Kasi girl Lebohang Lebogo first drone pilot to deliver blood
Lebohang Lebogo will be the first drone pilot for the South African National Blood Service (SANBS), delivering emergency blood to remote rural areas in the country whenever the need arises.
The 29-year-old from Kagiso, west of Johanneburg, will be manning the TRON Unmanned Aerial Vehicle (UAV) which is a highly specialised aircraft that will be used to transport blood from blood banks to hospitals in areas that are not so easily reachable.
"I've always wanted to be a pilot but my parents could not afford to take me to aviation school. So my mom told me about an opportunity to work as a temp at the blood bank," she said.
Lebogo, who is the daughter of a nurse and a mineworker, said she started at the SANBS in 2008 as a donor attendant while she was still a teenager.
"I would watch on the donors and get them juice after their donations," she said.
Lebogo said after years at the SANBS she realised the importance of citizens donating blood to save lives.
Although she enjoyed her job, Lebogo said she eventually went to study international travel at College Campus before going back to the SANBS to train as a medical technician in 2011.
She told Sowetan that she went through a training programme for two years before she was hired permanently.
The dream to become a pilot never dissipated and she decided to put herself through school to achieve her goals.
"Right now I have my student licence and I'm working towards getting my private licence," she said.
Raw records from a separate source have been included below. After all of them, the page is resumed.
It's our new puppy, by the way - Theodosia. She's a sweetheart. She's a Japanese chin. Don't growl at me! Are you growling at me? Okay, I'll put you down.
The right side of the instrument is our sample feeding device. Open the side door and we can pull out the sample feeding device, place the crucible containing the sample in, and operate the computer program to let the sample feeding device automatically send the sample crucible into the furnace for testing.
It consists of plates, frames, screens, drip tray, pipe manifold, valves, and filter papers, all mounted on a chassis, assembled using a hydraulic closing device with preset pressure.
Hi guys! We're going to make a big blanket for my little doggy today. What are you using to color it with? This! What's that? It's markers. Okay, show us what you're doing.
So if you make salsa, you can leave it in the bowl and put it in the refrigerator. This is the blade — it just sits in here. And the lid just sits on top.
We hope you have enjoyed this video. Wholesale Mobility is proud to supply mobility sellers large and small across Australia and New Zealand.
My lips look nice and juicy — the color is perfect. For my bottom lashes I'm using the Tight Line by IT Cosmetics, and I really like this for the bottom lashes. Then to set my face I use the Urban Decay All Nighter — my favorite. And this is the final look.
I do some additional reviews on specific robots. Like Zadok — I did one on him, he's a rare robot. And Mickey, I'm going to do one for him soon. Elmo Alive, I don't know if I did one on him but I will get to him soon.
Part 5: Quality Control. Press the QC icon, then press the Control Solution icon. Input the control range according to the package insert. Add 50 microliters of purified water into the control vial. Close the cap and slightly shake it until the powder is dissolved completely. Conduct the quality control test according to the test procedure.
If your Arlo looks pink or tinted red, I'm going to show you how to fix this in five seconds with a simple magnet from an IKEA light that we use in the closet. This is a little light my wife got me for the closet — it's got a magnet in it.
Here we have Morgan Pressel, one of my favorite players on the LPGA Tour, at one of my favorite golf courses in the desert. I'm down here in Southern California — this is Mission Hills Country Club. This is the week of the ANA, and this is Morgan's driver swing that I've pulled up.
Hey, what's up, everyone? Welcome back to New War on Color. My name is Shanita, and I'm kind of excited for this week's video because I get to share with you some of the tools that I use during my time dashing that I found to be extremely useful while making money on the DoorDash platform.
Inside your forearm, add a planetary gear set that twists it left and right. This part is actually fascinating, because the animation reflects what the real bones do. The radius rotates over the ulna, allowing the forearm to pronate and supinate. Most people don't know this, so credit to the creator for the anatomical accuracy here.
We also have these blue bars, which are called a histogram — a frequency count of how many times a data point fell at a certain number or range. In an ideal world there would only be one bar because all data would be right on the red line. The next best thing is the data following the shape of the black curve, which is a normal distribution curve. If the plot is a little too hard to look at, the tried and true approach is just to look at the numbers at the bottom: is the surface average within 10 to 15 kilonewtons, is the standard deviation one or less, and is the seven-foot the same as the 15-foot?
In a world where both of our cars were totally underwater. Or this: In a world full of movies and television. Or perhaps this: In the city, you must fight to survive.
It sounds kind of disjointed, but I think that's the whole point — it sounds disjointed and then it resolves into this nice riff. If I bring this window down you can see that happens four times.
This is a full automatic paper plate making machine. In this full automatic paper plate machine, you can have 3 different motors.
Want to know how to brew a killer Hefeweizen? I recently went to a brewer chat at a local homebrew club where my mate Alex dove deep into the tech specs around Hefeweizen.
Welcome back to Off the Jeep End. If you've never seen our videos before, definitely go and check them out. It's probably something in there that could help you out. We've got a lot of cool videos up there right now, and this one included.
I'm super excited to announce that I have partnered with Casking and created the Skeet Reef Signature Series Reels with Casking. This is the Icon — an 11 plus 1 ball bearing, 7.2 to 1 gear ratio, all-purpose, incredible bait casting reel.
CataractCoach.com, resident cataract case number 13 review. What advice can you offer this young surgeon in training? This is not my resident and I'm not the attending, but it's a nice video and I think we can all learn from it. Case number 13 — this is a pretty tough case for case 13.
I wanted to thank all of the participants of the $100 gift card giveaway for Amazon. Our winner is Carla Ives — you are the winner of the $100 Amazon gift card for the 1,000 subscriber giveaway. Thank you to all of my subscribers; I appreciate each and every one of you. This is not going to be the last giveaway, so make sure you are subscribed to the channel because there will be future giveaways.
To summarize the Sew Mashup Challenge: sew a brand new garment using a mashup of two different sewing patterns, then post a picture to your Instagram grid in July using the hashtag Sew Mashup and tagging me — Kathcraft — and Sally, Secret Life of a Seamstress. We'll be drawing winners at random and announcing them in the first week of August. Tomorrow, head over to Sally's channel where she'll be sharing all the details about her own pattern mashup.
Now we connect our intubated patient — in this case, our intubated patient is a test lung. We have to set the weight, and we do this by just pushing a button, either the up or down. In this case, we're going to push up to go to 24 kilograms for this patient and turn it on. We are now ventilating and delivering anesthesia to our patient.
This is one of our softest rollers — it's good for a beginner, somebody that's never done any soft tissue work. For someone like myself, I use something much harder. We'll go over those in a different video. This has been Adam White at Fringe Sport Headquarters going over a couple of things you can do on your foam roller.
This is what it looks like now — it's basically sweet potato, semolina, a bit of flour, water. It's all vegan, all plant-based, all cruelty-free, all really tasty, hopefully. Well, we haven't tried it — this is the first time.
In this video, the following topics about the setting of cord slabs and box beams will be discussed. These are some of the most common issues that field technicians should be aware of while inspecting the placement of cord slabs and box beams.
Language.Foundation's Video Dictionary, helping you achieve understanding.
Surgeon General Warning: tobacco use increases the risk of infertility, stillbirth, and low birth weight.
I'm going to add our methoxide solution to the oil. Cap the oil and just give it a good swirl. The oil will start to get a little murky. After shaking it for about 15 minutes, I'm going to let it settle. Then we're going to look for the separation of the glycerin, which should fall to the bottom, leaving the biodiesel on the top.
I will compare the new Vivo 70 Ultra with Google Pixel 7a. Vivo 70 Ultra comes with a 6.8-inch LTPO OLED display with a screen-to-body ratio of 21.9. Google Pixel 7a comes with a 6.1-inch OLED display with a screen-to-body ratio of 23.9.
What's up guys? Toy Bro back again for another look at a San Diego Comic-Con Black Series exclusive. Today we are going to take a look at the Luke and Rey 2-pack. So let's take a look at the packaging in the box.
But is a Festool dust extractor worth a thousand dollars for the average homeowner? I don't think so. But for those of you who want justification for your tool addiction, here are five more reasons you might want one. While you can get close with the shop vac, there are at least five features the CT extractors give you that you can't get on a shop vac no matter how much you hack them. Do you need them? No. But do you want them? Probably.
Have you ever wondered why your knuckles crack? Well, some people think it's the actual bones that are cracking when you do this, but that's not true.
"I get emotional when I think about how my dream is coming true. God knows how much I wanted this. I used to ask myself why this is taking so long, and now things are finally aligning.
"This has made me to work even harder for my licence."
Dr Jonathan Louw, CEO of the SANBS, said the rollout of drone technology is part of the SANBS' plan to use innovation to save lives.
"We believe that this is an innovative step in the history of blood transfer.
"SANBS is determined to improve rapid access to life-saving blood products in rural areas. Patients can receive emergency 'O negative' blood from one of our blood banks through the use of drones," he said.
"The same drone can then take that patient's blood sample to the blood bank for comprehensive cross-matching and rapidly deliver compatible blood back to the patient."